*Exercise directions:*
Repeat the data that follows in full. Do not include the pictures.

*Provided material:*
=== Section Start ===

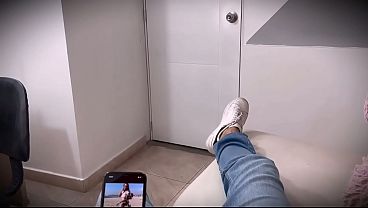 Gostosa safada senta gostoso no pau, enfiando todinho dentro da sua buceta, chupando por fim, e sobre f&atilde;s... - Yummi Paradise (SHEER/RED)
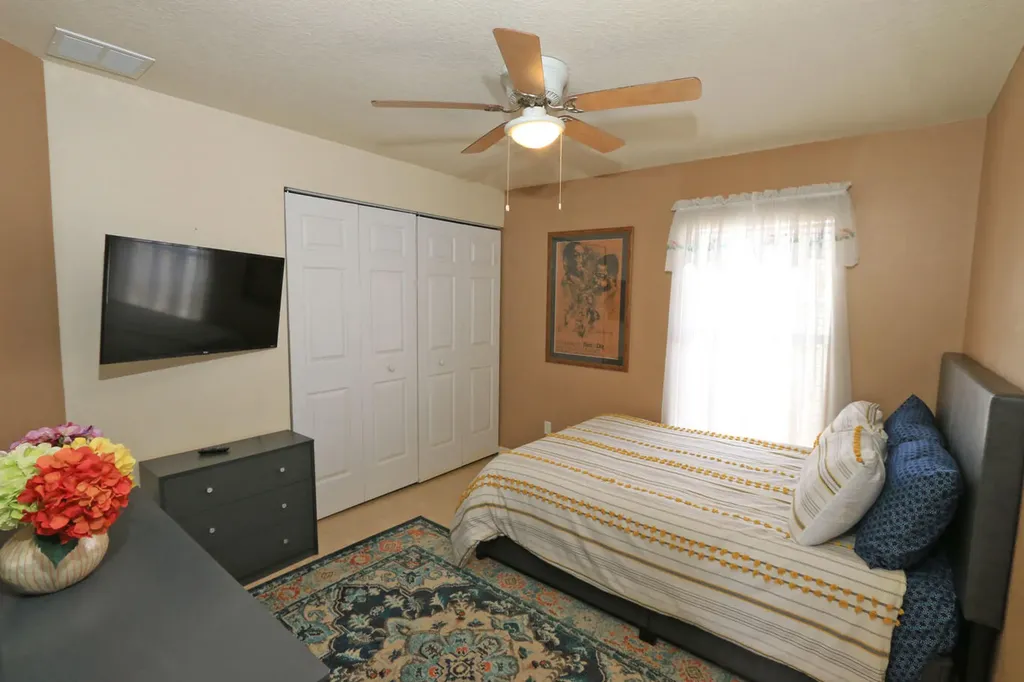 5822 NW Bates Avenue Port St Lucie FL 34986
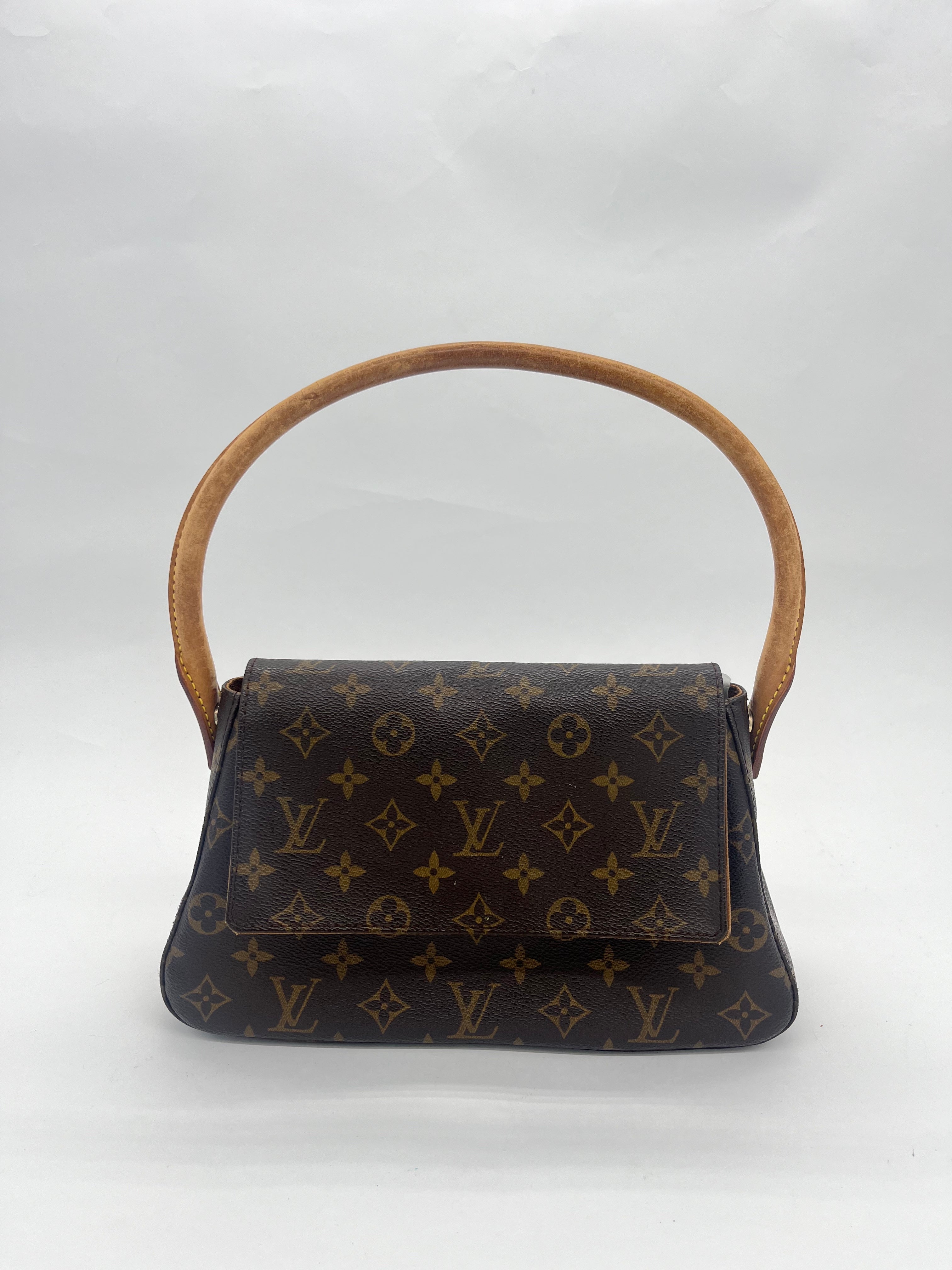 Louis vuitton mini best sale looping bag retail price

=== Section End ===

*Response to this exercise:*
 Gostosa safada senta gostoso no pau, enfiando todinho dentro da sua buceta, chupando por fim, e sobre f&atilde;s... - Yummi Paradise (SHEER/RED)
 5822 NW Bates Avenue Port St Lucie FL 34986
 Louis vuitton mini best sale looping bag retail price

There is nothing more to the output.